Brief regering : Beleidsreactie VluchtelingenWerk Nederland (VWN) onderzoeksrapport “Gevlucht en vergeten?” over de leefomstandigheden van asielzoekers in de (crisis)noodopvang
19 637 Vreemdelingenbeleid
Nr. 3164
BRIEF VAN DE STAATSSECRETARIS VAN JUSTITIE EN VEILIGHEID
Aan de Voorzitter van de Tweede Kamer der Staten-Generaal
Den Haag, 7 september 2023
Op 6 september jl. heeft VluchtelingenWerk Nederland (VWN) haar onderzoeksrapport
«Gevlucht en vergeten?» over de leefomstandigheden van asielzoekers in de (crisis)noodopvang
gepubliceerd. In deze brief treft u mijn reactie op de conclusies en aanbevelingen.
Aanleiding
Sinds augustus 2021 worden asielzoekers in Nederland opgevangen op noodopvanglocaties
(NO) vanwege een tekort aan plaatsen in reguliere asielzoekerscentra (azc's). Aanhoudende
tekorten in de zomer van 2022 leidden, in samenwerking met gemeenten en veiligheidsregio's,
tot het realiseren van crisisnoodopvanglocaties (CNO's). In augustus 2022 startte
VWN een kort geding tegen de Staat en het COA omdat zij van mening was dat de leefomstandigheden
in de NO en CNO niet voldeden aan de verplichtingen die volgen uit het Europees recht.

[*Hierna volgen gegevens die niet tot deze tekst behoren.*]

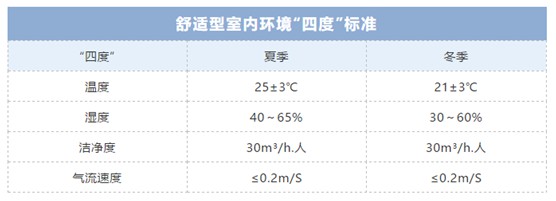 歐思丹詮釋“四度”新標準，輕松打造健康舒適室內環境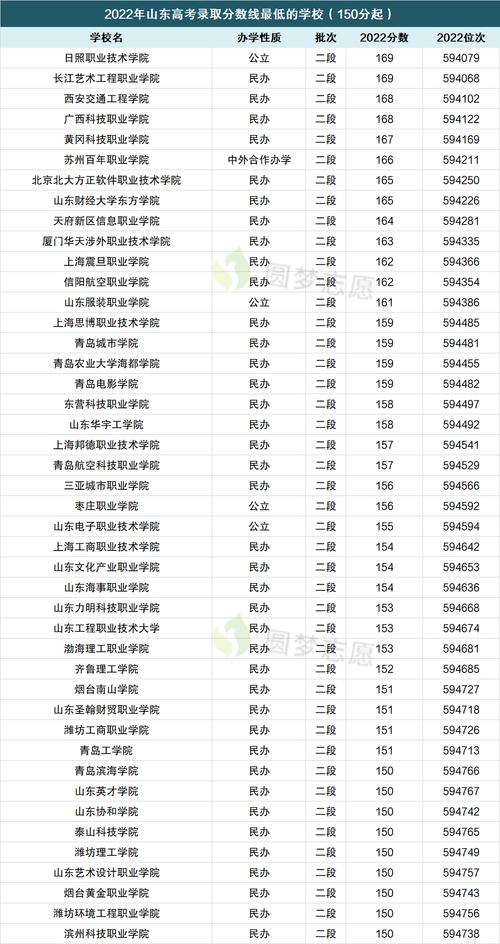 山東二本大學排名_山東二本大學有哪些_齊魯工業大學招生簡章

In het kort geding sprak de rechter uit dat de Staat en het COA verplicht werden om
binnen negen maanden de NO's en CNO's op niveau te brengen met Europese minimumnormen
voor, met name, huisvesting en sanitaire voorzieningen. In het hoger beroep bevestigde
het Hof deels de uitspraak van de rechter, waarbij de negen maanden termijn verviel.

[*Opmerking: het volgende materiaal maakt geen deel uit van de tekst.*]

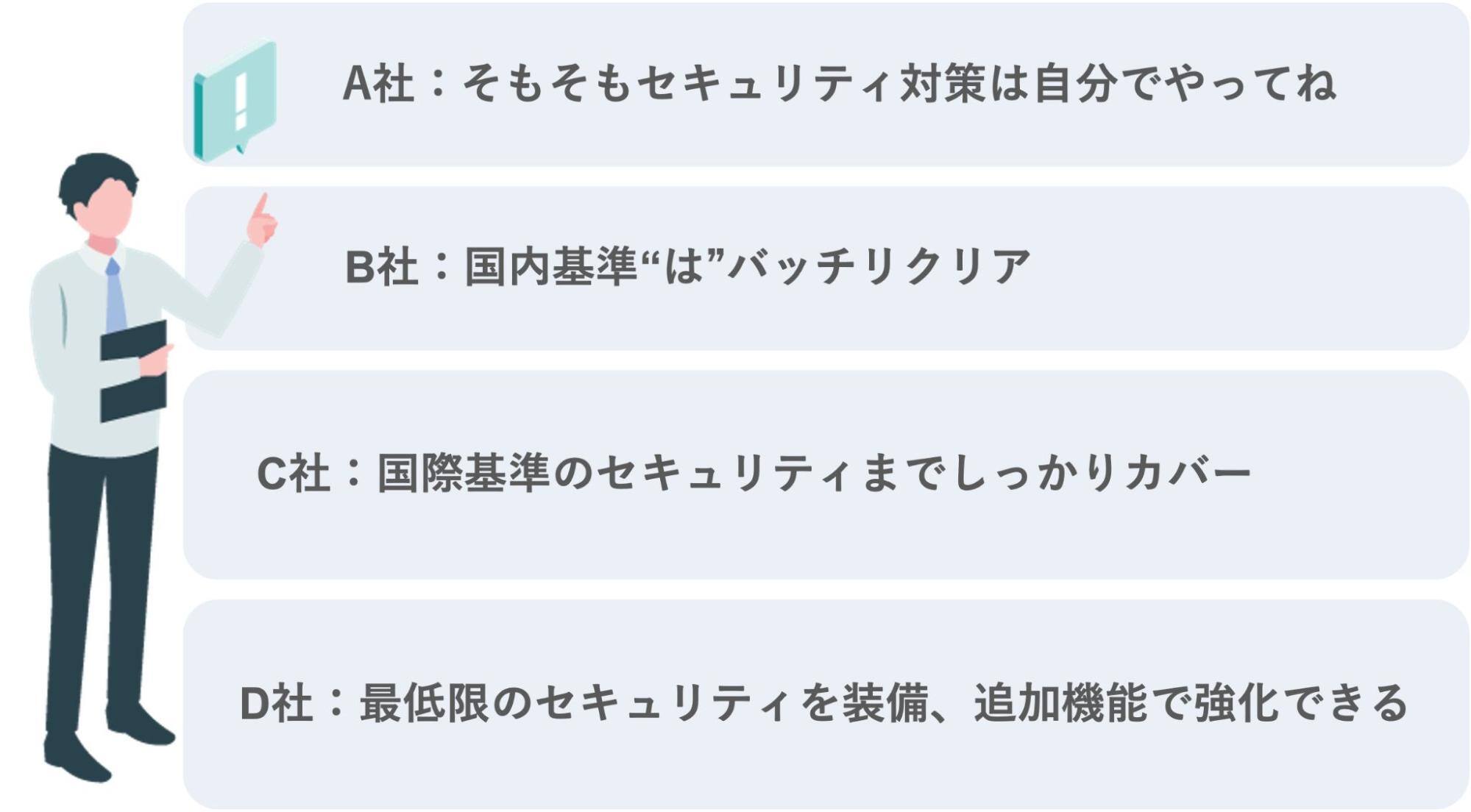 利用できるセキュリティ機能は、機能や費用と同様にプラットフォームによってさまざま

VWN gaat in haar onderzoeksrapport in op de leefomstandigheden in 22 van de in totaal
194 (C)NO’s, een jaar na de uitspraak van het Hof. Ten behoeve van het onderzoek heeft
VWN 92 bewoners geïnterviewd.
Bevindingen en conclusies
VWN bevindt in haar onderzoeksrapport onder meer dat bewoners in (C)NO’s problemen
ervaren met slaapruimtes, sanitaire voorzieningen, voeding, gezondheidszorg, onderwijs
en activiteiten. VWN concludeert dat bewoners klagen over geluidsoverlast, gebrek
aan privacy, slechte kwaliteit van eten, en het ontbreken van kookfaciliteiten. Daarnaast
stelt VWN dat kwetsbare bewoners niet de zorg krijgen die ze nodig hebben. Kinderen
missen volgens VWN speelruimtes en activiteiten. Er is respect en tolerantie onder
bewoners, maar soms is sprake van onbeschofte behandeling door beveiliging of locatiemanagement.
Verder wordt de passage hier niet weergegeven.